With higher concurrency the overhead grows until it totally drops at 40 parallel threads. Here CPU seems to be the limiting factor.

Lua Scripts

Adding an empty Lua script to the configuration results in little overhead up to a concurrency of 10. With higher concurrency everything gets worse. Again CPU seems to be the limiting factor.

Tokenizer

The SQL tokenizer adds about 75% compared to an empty Lua script. So we should avoid it as much as we can. With the results of this benchmark we were able to improve the overall HSCALE performance for non-partitioned tables (see this Issue).

QueryAnalyzer

Since the QueryAnalyzer utilizes the tokenizer it implies its overhead and adds additional 50% (at a concurrency of 10). Here is a lot of room for improvement. Currently the analyzer is almost complete so we can concentrate on performance. First of all the algorithm could be optimized (anticipating the fastest path) and then more hinting could be added.

HSCALE w/o Partitions

After implementing an improvement for this Issue (avoiding tokenizer) we see that performance for queries against non-partitioned tables is almost as good as for empty Lua scripts.

HSCALE w/ Partitions

Looking at the concurrency level of 10 we see that HSCALE performs 10 times slower that the MySQL server and 5 times slower than an empty MySQL Proxy. Needless to say that this is quite a huge number. With performance improvements we might lower this to a factor of 2 or 3 times slower than MySQL Proxy itself. This is ok since we are still able to perform more than 3,000 statements / s. And finally we are able to use multiple proxies to spread the load.

Final Thoughts

This benchmark showed us mainly 3 things:

  1. MySQL Proxy adds the expected latency overhead - but not more.

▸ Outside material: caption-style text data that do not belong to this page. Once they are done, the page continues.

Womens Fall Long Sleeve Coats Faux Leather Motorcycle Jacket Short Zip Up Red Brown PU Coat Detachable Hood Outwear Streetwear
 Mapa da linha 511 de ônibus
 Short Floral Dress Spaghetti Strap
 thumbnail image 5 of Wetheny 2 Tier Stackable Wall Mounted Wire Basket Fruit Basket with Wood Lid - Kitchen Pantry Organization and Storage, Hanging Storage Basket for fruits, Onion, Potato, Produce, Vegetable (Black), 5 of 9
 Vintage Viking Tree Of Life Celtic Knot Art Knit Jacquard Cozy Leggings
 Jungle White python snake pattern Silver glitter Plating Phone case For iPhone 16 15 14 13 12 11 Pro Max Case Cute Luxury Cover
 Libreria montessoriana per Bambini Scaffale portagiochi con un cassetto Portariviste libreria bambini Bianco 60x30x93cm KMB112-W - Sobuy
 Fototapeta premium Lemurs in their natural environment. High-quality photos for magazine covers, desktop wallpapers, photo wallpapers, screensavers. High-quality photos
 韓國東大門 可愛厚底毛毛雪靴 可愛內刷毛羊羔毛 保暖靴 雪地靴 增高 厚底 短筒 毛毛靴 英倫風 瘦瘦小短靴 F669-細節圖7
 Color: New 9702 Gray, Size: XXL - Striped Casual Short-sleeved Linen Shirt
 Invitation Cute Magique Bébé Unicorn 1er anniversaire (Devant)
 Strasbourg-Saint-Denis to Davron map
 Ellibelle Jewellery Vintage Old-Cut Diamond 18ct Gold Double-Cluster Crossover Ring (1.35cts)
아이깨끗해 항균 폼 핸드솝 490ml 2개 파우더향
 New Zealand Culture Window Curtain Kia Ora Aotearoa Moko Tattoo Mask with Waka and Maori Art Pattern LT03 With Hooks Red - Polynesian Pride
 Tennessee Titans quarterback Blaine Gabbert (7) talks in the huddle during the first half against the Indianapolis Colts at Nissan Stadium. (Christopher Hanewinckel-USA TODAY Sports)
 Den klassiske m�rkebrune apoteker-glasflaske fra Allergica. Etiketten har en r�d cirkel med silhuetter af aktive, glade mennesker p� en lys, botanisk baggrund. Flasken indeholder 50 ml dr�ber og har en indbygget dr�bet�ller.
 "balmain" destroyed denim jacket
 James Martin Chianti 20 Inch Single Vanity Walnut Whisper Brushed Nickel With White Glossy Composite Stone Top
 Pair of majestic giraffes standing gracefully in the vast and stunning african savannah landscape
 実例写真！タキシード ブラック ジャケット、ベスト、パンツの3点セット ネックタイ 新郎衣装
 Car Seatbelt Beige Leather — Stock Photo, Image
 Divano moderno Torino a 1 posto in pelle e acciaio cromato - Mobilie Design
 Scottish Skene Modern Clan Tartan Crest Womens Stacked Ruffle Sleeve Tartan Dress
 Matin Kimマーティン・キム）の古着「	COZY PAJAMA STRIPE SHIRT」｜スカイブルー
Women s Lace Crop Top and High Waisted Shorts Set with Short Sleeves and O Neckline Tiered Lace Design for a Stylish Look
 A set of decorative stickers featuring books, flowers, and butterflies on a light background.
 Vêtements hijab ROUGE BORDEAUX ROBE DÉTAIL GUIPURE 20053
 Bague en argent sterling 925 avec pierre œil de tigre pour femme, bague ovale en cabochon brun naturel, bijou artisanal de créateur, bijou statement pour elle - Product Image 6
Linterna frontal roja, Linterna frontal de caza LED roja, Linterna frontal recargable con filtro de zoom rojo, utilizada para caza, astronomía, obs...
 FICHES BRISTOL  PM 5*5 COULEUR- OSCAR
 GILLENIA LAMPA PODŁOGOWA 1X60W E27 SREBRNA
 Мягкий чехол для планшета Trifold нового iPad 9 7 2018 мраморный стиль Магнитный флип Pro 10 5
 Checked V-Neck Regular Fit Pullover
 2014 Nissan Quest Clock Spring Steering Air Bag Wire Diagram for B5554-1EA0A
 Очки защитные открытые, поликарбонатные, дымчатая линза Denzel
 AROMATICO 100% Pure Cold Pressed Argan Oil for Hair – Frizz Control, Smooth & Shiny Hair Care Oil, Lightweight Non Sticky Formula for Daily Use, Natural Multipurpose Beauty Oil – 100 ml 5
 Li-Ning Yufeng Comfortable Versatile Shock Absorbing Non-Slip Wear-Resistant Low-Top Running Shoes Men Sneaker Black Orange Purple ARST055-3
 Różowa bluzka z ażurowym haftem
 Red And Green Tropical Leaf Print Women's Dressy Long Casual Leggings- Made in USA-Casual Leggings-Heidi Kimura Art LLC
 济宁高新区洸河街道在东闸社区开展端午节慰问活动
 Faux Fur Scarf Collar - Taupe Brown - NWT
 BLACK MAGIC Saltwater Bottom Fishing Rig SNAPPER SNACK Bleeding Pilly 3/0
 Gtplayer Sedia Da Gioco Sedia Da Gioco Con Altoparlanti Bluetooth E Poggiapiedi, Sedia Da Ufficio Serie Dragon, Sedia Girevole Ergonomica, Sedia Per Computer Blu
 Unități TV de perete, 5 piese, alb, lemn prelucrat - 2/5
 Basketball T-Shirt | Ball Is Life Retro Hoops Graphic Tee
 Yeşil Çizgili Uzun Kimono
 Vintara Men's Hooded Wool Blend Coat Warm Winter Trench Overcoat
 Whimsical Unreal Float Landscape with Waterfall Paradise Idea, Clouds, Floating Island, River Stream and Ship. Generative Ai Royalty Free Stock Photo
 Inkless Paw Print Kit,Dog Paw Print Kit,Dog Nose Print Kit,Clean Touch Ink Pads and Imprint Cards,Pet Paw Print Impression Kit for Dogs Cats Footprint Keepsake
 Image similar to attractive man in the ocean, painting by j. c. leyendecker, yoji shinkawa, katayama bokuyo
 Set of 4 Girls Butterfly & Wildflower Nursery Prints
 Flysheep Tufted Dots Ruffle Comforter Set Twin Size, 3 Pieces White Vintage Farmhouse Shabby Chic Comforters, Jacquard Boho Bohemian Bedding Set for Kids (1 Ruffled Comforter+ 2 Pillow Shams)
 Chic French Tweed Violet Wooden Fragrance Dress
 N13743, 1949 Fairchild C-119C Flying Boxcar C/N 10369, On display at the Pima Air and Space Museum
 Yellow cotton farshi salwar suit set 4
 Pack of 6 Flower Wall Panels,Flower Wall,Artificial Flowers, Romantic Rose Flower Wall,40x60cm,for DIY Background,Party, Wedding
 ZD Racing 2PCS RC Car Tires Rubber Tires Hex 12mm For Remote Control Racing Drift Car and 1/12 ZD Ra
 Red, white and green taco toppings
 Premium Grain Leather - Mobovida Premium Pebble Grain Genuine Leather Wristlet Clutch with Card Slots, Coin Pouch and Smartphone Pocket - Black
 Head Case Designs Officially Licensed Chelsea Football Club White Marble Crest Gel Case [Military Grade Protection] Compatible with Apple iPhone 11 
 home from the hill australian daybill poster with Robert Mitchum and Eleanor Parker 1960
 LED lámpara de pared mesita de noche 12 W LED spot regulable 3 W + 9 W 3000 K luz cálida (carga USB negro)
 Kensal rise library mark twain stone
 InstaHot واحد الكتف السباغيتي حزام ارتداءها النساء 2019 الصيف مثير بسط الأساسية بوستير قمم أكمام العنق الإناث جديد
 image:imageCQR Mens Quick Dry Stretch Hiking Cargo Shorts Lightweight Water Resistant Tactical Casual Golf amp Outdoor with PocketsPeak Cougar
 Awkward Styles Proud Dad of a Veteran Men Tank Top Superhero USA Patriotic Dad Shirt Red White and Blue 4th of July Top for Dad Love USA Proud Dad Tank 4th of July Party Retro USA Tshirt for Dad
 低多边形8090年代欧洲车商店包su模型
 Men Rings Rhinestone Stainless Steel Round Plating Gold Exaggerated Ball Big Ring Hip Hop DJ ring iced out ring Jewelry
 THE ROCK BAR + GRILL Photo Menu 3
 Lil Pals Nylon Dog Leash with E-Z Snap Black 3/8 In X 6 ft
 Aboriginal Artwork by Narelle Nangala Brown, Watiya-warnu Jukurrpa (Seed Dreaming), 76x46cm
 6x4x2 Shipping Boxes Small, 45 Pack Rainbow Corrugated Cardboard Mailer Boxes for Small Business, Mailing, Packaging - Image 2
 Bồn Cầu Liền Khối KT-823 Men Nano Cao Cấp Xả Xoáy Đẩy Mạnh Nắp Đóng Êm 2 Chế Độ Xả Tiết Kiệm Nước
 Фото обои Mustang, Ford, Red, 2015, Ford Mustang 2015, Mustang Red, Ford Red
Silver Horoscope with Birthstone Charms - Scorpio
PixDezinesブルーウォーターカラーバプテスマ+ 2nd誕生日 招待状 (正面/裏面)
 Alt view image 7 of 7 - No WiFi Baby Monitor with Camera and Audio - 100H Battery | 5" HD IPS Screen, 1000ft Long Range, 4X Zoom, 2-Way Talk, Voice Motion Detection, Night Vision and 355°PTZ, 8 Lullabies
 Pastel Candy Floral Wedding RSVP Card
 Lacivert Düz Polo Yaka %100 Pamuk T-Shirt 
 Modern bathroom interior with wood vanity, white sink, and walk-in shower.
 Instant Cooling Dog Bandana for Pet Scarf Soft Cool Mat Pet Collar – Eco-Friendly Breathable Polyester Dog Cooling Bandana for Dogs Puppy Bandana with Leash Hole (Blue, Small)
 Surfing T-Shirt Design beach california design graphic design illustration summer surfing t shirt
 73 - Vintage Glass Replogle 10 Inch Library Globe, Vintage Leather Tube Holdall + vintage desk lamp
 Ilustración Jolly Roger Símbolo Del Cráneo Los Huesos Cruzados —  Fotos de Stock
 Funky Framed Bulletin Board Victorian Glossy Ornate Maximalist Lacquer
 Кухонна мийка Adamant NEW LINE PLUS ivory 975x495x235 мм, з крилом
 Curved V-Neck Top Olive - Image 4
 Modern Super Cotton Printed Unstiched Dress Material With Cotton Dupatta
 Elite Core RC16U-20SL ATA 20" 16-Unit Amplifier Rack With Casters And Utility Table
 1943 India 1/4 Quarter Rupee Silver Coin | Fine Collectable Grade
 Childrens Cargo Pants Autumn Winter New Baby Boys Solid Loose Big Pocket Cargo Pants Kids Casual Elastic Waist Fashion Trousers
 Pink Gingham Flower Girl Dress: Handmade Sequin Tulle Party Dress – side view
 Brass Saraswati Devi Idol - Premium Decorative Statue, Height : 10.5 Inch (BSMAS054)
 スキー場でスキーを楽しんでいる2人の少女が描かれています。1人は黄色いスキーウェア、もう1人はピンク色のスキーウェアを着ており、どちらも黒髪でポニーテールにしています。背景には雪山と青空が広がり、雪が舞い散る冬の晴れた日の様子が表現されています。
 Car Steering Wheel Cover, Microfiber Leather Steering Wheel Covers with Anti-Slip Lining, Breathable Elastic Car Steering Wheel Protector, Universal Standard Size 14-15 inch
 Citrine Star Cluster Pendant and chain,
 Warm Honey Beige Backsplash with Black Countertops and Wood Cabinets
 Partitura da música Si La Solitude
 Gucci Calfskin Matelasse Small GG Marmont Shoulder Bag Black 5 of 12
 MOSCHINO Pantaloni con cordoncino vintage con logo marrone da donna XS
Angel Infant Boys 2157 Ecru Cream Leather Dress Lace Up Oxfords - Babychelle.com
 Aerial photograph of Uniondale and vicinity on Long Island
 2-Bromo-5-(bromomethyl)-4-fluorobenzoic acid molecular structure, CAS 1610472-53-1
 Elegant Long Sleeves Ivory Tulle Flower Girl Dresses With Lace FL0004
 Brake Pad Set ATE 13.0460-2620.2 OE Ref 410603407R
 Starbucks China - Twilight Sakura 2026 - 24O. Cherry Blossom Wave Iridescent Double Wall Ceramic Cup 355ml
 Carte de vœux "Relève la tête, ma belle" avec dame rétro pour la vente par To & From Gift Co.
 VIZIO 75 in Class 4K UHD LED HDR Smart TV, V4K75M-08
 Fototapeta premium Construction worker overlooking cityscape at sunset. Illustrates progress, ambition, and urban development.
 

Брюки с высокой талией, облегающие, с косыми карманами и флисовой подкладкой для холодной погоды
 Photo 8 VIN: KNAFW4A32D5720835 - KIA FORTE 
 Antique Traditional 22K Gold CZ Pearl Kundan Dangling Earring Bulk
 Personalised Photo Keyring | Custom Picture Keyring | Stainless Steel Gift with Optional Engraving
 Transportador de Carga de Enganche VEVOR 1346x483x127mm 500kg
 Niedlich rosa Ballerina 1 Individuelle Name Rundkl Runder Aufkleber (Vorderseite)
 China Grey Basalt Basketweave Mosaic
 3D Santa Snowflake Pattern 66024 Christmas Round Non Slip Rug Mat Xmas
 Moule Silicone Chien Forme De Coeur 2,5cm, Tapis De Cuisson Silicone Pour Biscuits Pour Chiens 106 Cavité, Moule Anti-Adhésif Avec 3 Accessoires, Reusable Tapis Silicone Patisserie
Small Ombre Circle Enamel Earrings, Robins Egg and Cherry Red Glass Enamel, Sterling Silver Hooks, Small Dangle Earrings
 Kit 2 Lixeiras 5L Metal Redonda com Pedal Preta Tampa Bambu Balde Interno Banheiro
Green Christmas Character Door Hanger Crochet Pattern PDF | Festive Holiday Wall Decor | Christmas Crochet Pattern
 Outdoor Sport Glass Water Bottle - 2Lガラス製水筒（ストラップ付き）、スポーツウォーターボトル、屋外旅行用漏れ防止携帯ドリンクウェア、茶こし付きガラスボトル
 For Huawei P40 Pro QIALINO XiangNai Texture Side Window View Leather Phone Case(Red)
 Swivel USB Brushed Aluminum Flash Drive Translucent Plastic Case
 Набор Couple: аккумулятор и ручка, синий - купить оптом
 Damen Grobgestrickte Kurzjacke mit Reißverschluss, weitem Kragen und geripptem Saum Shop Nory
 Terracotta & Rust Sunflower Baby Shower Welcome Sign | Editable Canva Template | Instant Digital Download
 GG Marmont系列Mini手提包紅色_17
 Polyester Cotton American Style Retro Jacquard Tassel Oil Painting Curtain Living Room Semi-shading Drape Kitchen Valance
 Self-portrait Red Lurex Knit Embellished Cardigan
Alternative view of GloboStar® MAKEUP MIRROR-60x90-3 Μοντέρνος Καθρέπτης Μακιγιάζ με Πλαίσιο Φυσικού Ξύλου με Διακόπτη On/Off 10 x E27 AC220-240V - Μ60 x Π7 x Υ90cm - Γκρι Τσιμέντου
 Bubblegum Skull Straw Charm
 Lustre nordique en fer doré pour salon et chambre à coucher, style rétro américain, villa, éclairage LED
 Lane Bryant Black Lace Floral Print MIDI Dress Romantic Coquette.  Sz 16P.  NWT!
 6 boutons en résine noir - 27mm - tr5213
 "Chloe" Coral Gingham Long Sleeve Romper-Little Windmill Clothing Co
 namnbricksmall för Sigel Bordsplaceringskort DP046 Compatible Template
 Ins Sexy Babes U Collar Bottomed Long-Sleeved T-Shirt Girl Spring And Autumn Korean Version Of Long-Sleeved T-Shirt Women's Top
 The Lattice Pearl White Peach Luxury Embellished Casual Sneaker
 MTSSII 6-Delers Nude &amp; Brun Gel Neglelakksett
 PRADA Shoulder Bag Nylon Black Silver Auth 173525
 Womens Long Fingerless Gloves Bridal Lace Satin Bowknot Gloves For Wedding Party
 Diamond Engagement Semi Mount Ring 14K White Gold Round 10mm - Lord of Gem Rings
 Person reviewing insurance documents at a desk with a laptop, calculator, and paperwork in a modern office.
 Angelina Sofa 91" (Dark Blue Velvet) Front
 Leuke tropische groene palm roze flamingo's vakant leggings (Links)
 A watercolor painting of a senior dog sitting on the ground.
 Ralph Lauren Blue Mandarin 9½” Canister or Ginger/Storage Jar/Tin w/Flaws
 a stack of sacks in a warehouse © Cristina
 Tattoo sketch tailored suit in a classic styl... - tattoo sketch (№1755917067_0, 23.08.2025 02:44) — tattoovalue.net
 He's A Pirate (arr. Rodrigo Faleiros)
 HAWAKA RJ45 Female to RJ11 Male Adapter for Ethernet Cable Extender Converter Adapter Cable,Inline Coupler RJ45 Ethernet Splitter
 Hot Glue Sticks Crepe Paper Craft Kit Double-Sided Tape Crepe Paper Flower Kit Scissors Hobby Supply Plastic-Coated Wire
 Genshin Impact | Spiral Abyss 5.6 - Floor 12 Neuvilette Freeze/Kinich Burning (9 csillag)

Average is about 0.035 milliseconds per query.
  2. Scaling of MySQL Proxy could be improved - using all CPUs
  3. HSCALE adds a maximum overhead of about 0.24 ms per query (against a partitioned table).

Please feel free to comment on the results or run the tests on your own.

UPDATE: Corrected the number of milliseconds MySQL Proxy and HSCALE add per query: Old were 0.35 ms for proxy and 2.4 ms for HSCALE. The correct numbers are 0.035 ms for proxy and 0.24 ms for HSCALE.